Regierungskrise in Libyen: Premier droht mit Rücktritt

Die vom Westen anerkannte Regierung ist hilflos gegenüber den Nöten der libyschen Bevölkerung. In Genf versucht die UNO zu vermitteln.

Abdullah Thinni

Libyens Premier in Nöten: Abdullah Thinni. Foto: Reuters

BERLIN taz | Abdullah Thinni rutsche entnervt auf seinem Stuhl hin und her. Das stoische Nachhaken des Moderators Mohamed Seidan vom TV-Sender Libyen Kanal machte dem Premier sichtbar zu schaffen. Täglichen Stromausfälle, nicht ausgezahlten Löhne, aber dafür immens gestiegene Lebenshaltungskosten – auf all diese Nöte der Bevölkerung hatte der Regierungschef der international anerkannten libyschen Regierung keine rechten Antworten.

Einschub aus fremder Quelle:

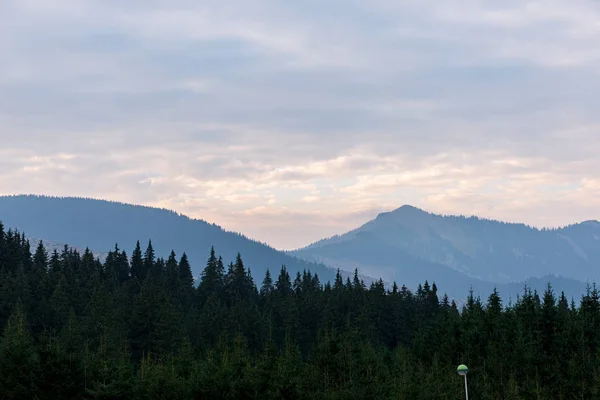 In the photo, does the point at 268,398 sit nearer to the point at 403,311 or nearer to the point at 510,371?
the point at 510,371

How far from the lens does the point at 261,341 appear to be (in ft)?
445

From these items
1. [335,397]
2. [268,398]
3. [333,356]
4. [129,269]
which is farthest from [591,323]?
[129,269]

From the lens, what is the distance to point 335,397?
7088 centimetres

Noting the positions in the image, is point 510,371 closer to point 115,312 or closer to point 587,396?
point 587,396

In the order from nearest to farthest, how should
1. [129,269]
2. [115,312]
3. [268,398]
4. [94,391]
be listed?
[94,391] < [268,398] < [115,312] < [129,269]

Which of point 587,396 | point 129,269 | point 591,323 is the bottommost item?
point 587,396

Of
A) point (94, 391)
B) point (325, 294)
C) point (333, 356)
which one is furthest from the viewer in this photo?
point (325, 294)

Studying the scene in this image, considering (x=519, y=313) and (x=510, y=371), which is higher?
(x=519, y=313)

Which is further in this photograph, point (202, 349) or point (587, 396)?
point (202, 349)

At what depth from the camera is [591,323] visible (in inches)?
3999

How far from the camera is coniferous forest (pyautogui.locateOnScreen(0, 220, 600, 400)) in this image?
66750mm

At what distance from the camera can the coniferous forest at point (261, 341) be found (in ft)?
219

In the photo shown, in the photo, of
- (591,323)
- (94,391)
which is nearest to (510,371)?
(591,323)

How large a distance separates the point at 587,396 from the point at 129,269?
12992 centimetres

Als Seidan das Szenario eines Bürgerprotests gegen das Missmanagement der Regierung entwarf, brach es aus Thinni heraus: „Wenn mein Rücktritt die Lösung ist, tue ich das hiermit, kein Problem.“ Sollte der als führungsschwach geltende liberale Premier am Sonntag tatsächlich seinen Rücktritt einreichen, hätte das politische Chaos in Libyen einen neuen Höhepunkt erreicht.

Das im vergangenen Jahr landesweit gewählte Parlament und die Thinni-Regierung hatten sich im Ostlibyen vor der Willkür der Milizen in Tripolis in Sicherheit gebracht. In den Ministerien der libyschen Hauptstadt regieren nun die verbliebenen Abgeordneten des Nationalkongresses und eine von ihnen eigenmächtig eingesetzte Regierung.

Thinnis Minister in der Kleinstadt Beida müssen sich mit einer Handvoll Mitarbeitern begnügen. Während beide Regierungen nach Zusammenbruch des Ölexports nur über ein klägliches Notbudget verfügen, haben sich die Milizen dank des Schmuggels zu den wahren Machthabern entwickelt. Ihre Kommandeure importieren immer mehr Waffen mithilfe der mit ihnen verbündeten Golfstaaten, die so ihren Zugriff auf die Bodenschätze wahren wollen.

Kompromissbereite Politiker leben gefährlich

Was viele Milizen von Friedensgesprächen halten, die seit Dienstag wieder bei den Vereinten Nationen in Genf stattfinden, machen die zahlreichen Übergriffe auf Politiker klar. Thinni überlebte im Mai einen Mordanschlag nur knapp, als sein gepanzerter Wagen beschossen wurde. Kurz danach musste er sich mit einem Boot vor unbezahlten Milizionären in Sicherheit bringen.

Auch in Tripolis leben kompromissbereite Politiker gefährlich. Kämpfer der sogenannten Präsidentengarde stürmten am Wochenende den von Mauern geschützten Kongress, und verletzten Abgeordnete, denen sie Nachgiebigkeit gegenüber der Armee in Ostlibyen, „Karama“ (Würde) vorwarfen.

UN-Vermittler Bernadino Leon kann immerhin eine Absichtserklärung vorweisen, die von fast allen einflussreichen Gruppen im marokkanischen Tagungsort Skhirat unterschrieben wurde. Doch die Hardliner in Tripolis, die in Bengasi gegen Islamisten kämpfende Armee und Milizen wehren sich gegen eine mögliche Regierung der Nationalen Einheit, die sie wohl um ihre einflussreichen Positionen bringen würde.

Bürger machen mobil gegen Islamisten

Wer eine neue Regierung vor dem „Islamischen Staat“ („IS“) und den Milizen schützen wird, ist aber unklar. Der ehemalige libysche Botschafter in Deutschland, Aly Masednah Kotany, fordert daher ein stärkeres europäisches Engagement. „Kompromisse mit den Milizen werden ein Bumerang für die Sicherheit Europas sei“, sagte er.

Die prekäre Sicherheits- und Versorgungslage mobilisiert mittlerweile immer mehr Bürger gegen die Extremisten. Wie in Derna im Osten kam es nun auch in Gaddafis ehemaligen Hochburg Sirte zu Kämpfen mit dem Islamischen Staat. Wie ohnmächtig die libyschen Politiker in diesem Chaos erscheinen, demonstrierte der Sprecher von Premier Thinni, als er von Journalisten auf den Rücktritt seines Chefs angesprochen wurde. Davon sei ihm nichts bekannt, sagte er.